(Task prompt) The answer must consist solely of the lines from the line with "Raibareli-जिला मजिस्ट्रेट ने" to the end of the data below, transcribed exactly and with no pictures.

(Data shown)
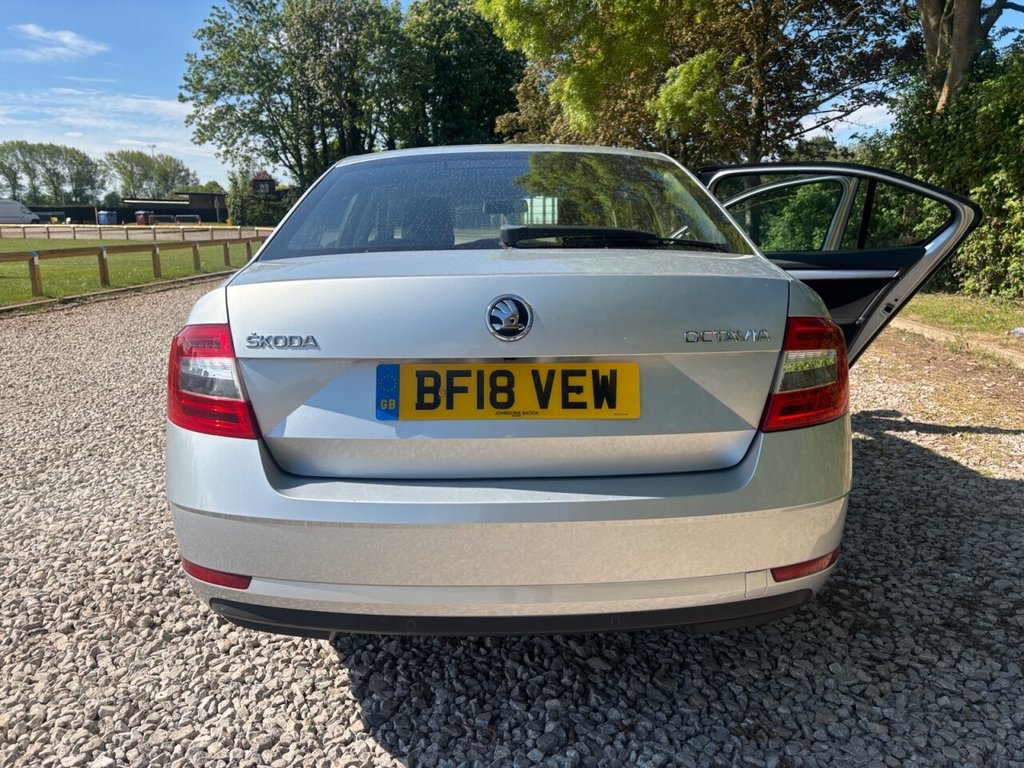 USED 2018 18 SKODA OCTAVIA 1.6 TDI S Hatchback 5dr Diesel Manual Euro 6 (s/s) (115 ps) 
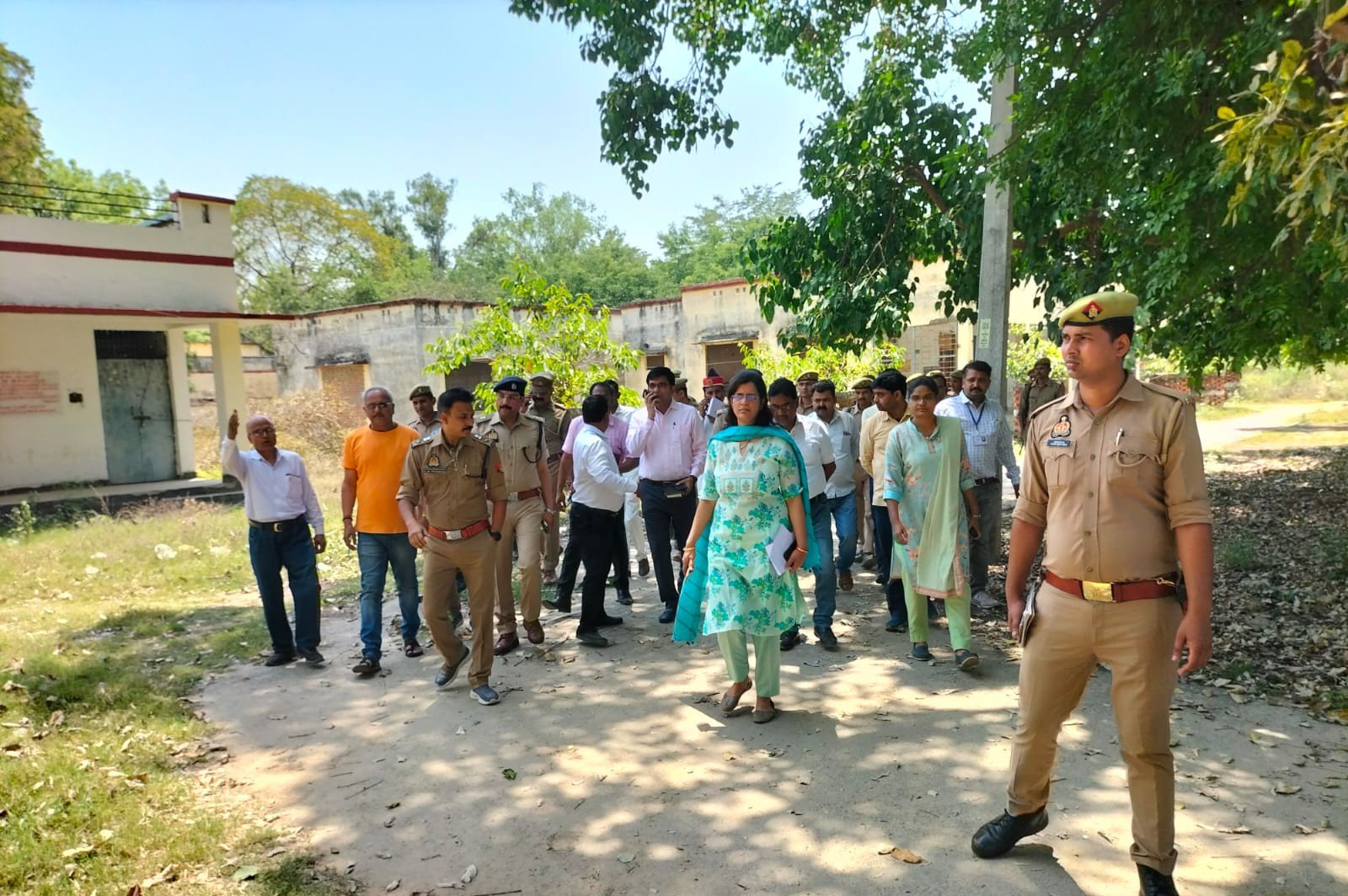 Raibareli-जिला मजिस्ट्रेट ने स्ट्रांग रूम व मतदेय स्थलों का निरीक्षण कर सभी आवश्यक व्यवस्थायें दुरुस्त करने के दिए निर्देश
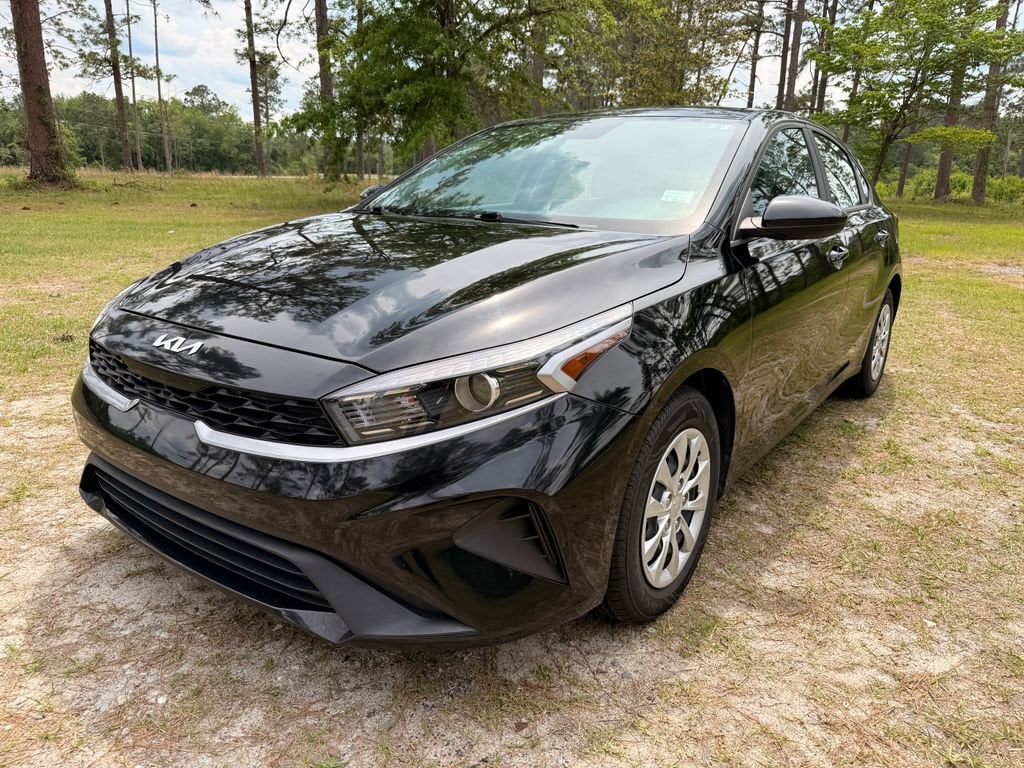 2024 Kia Forte LX AT's photo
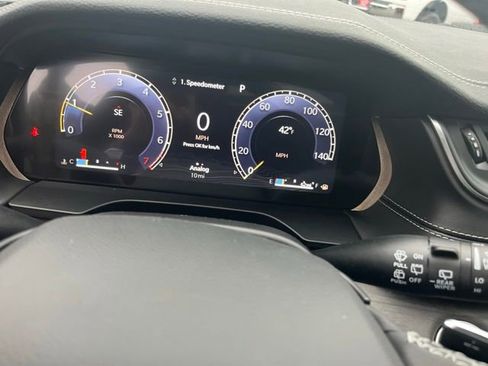 New 2025 Jeep Grand Cherokee L Limited w/ Black Appearance Package image 19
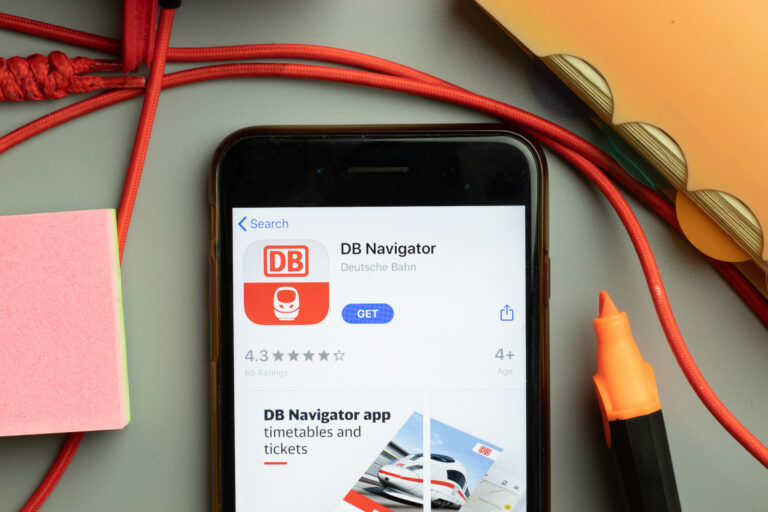 Das Softwareentwicklungsunternehmen HaCon aus Hannover entwickelte die erste computerunterstützte Fahrplanauskunft in Deutschland und ist heute unter anderem das Gehirn hinter der App DB-Navigator. Foto: Postmodern Studio/stockAdobe.com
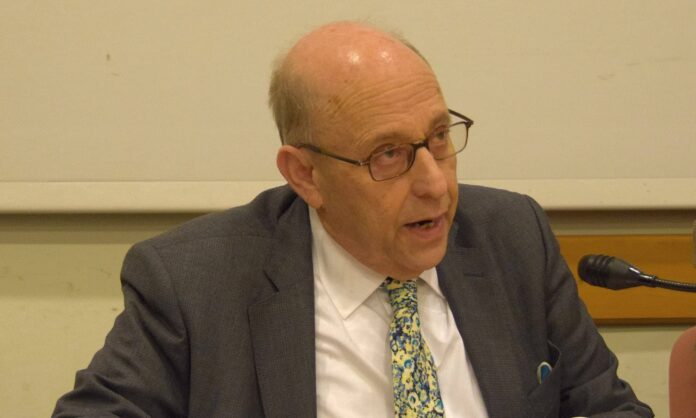Il professor Robert Black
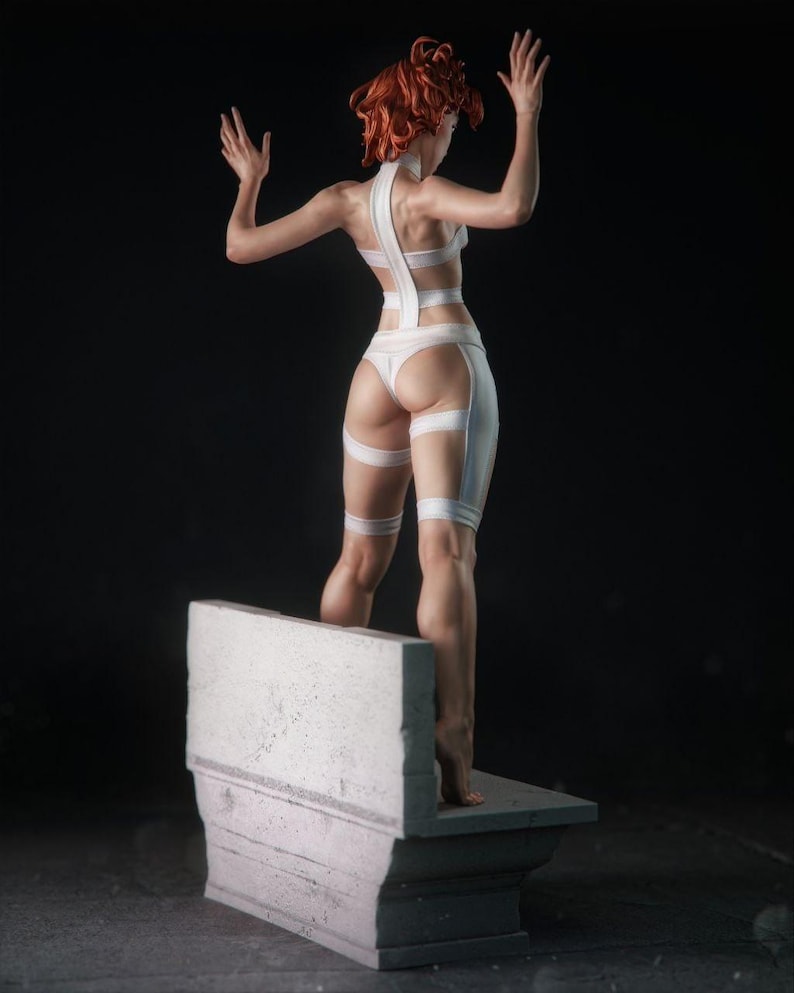 Leeloo Fifth Element Resin Figure – 1/8 1/6 Scale 3D Printed Fan Art Statue | Collector Gift image 6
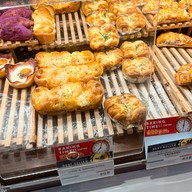 SAINT ETOILE Gateway Ekamai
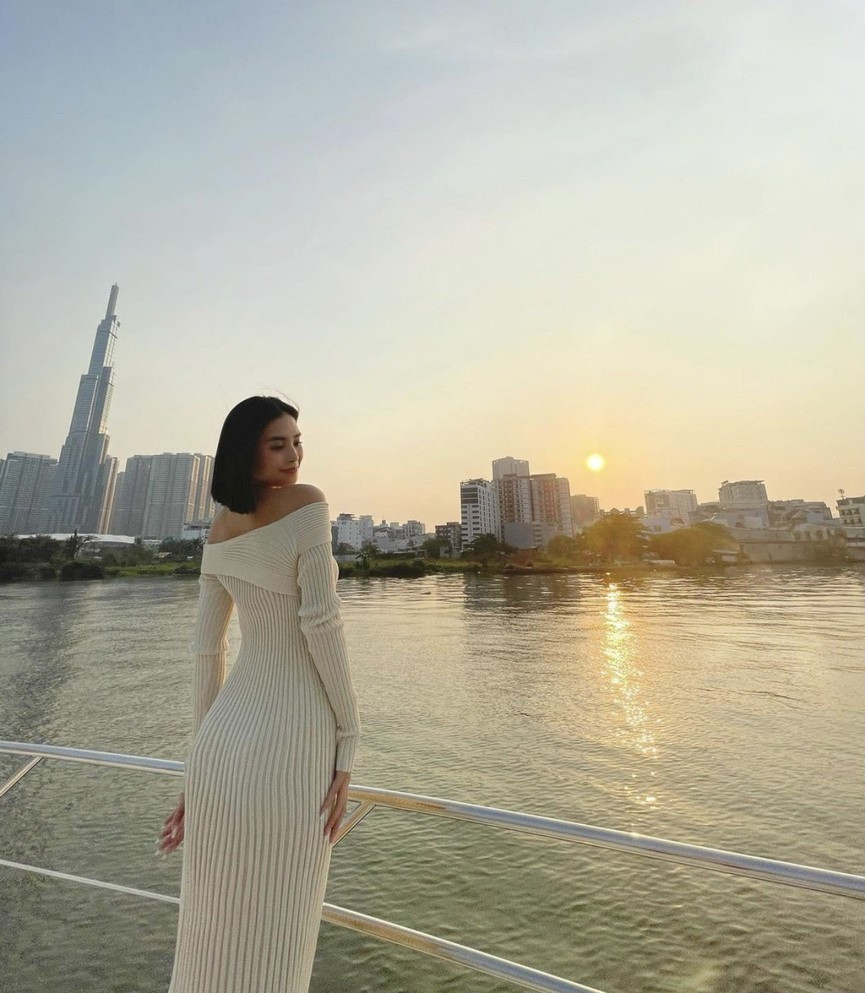  Bên cạnh bộ ảnh trên, Hoa hậu Tiểu Vy còn gây ấn tượng khi diện váy trễ vai khoe dáng quyến rũ trên du thuyền. Ảnh: NSCC.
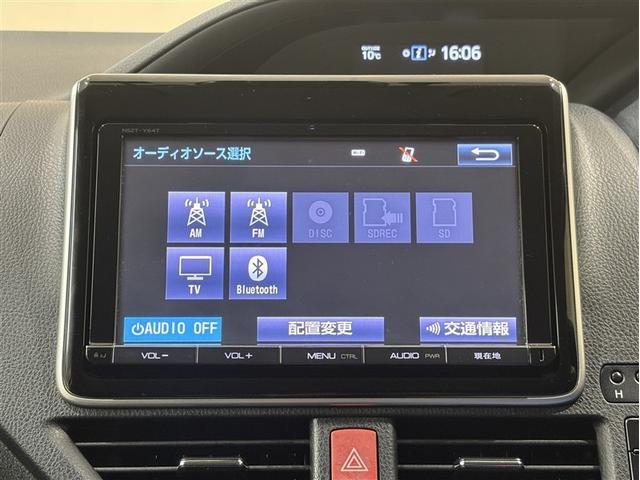 ヴォクシー ハイブリッドＶ　サイドエアバッグ　スマートキープッシュスタート　盗難防止アラーム　記録簿有　ＤＶＤ再生可　Ｂモニター　オートクルーズ　Ｗエアバック　ナビＴＶ　ＥＳＣ　ＥＴＣ車載器　リモコンキー　ＰＳ　ドラレコ付き（14枚目）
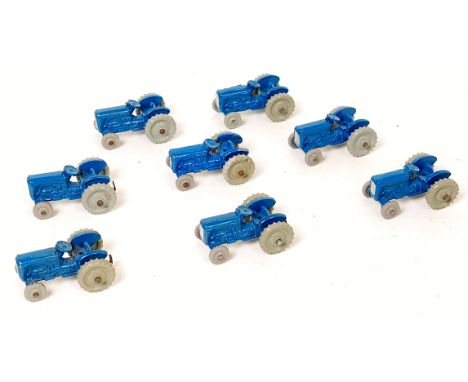 Dublo Dinky toys 6x 069 Massey Harris Ferguson tractor (VG-E)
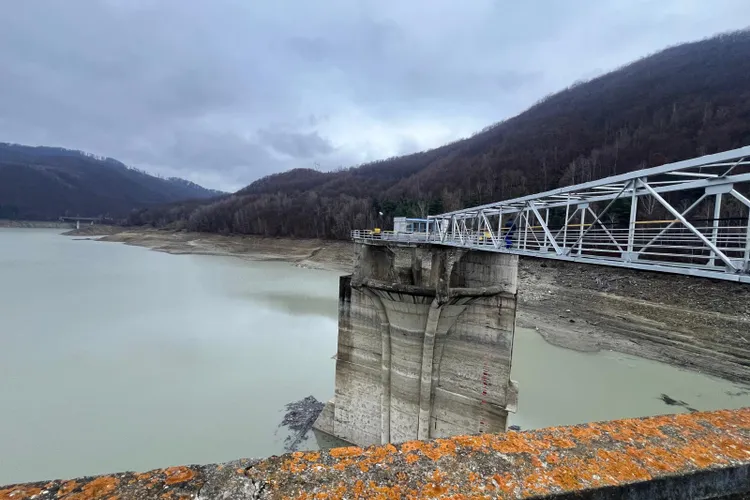 Criza apei din Prahova se extinde: cinci spitale închise, 10% din producția de energie, oprită Foto: Facebook Apele Române
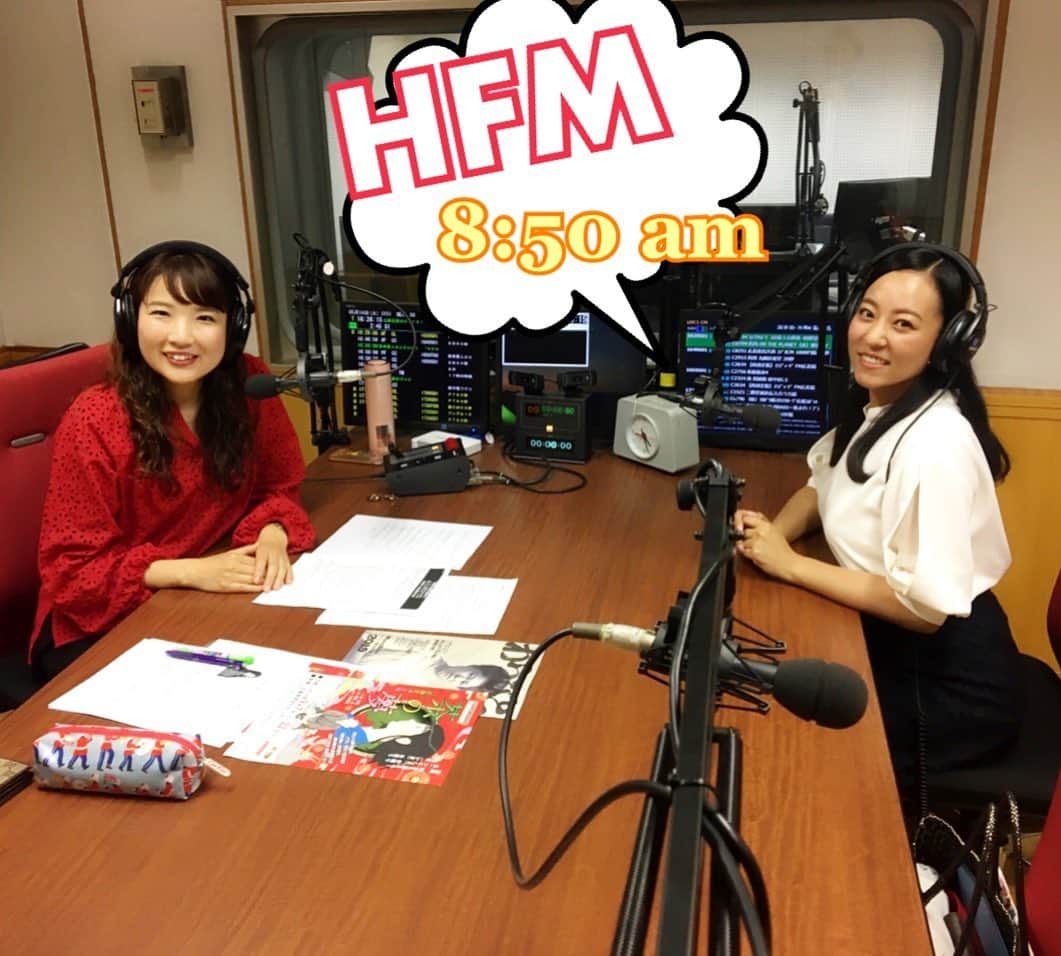 青山恵梨子さんのインスタグラム写真 - (青山恵梨子Instagram)「明日！！ 5/20 朝8:50〜 広島FM「笹原綾乃のGOOD JOG+」 出演させていただきます！！！ なんと初ラジオでして…🥺✨ 綾乃さんがとても素敵な方で、めちゃくちゃ楽しくて、たくさんお喋りさせていただきました😆♥️ #radiko というアプリで、 地元の方はもちろん、東京の方にも聴いていただけます😍！ 明日の朝、ラジオでお会いしましょう♥️ #広島FM #広島エフエム #広島エフエム放送  #笹原綾乃 さん #goodjog+  #広島 #カープ #carp #カープ女子  #カープ大好き #水金地火木土天カープ  #ミュージカル #茶の夢 #わらび座  #青山恵梨子 #上田宗箇 #上田流」5月19日 10時27分 - eriko_aoyama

(The answer)
 Raibareli-जिला मजिस्ट्रेट ने स्ट्रांग रूम व मतदेय स्थलों का निरीक्षण कर सभी आवश्यक व्यवस्थायें दुरुस्त करने के दिए निर्देश
 2024 Kia Forte LX AT's photo
 New 2025 Jeep Grand Cherokee L Limited w/ Black Appearance Package image 19
 Das Softwareentwicklungsunternehmen HaCon aus Hannover entwickelte die erste computerunterstützte Fahrplanauskunft in Deutschland und ist heute unter anderem das Gehirn hinter der App DB-Navigator. Foto: Postmodern Studio/stockAdobe.com
Il professor Robert Black
 Leeloo Fifth Element Resin Figure – 1/8 1/6 Scale 3D Printed Fan Art Statue | Collector Gift image 6
 SAINT ETOILE Gateway Ekamai
  Bên cạnh bộ ảnh trên, Hoa hậu Tiểu Vy còn gây ấn tượng khi diện váy trễ vai khoe dáng quyến rũ trên du thuyền. Ảnh: NSCC.
 ヴォクシー ハイブリッドＶ　サイドエアバッグ　スマートキープッシュスタート　盗難防止アラーム　記録簿有　ＤＶＤ再生可　Ｂモニター　オートクルーズ　Ｗエアバック　ナビＴＶ　ＥＳＣ　ＥＴＣ車載器　リモコンキー　ＰＳ　ドラレコ付き（14枚目）
 Dublo Dinky toys 6x 069 Massey Harris Ferguson tractor (VG-E)
 Criza apei din Prahova se extinde: cinci spitale închise, 10% din producția de energie, oprită Foto: Facebook Apele Române
 青山恵梨子さんのインスタグラム写真 - (青山恵梨子Instagram)「明日！！ 5/20 朝8:50〜 広島FM「笹原綾乃のGOOD JOG+」 出演させていただきます！！！ なんと初ラジオでして…🥺✨ 綾乃さんがとても素敵な方で、めちゃくちゃ楽しくて、たくさんお喋りさせていただきました😆♥️ #radiko というアプリで、 地元の方はもちろん、東京の方にも聴いていただけます😍！ 明日の朝、ラジオでお会いしましょう♥️ #広島FM #広島エフエム #広島エフエム放送  #笹原綾乃 さん #goodjog+  #広島 #カープ #carp #カープ女子  #カープ大好き #水金地火木土天カープ  #ミュージカル #茶の夢 #わらび座  #青山恵梨子 #上田宗箇 #上田流」5月19日 10時27分 - eriko_aoyama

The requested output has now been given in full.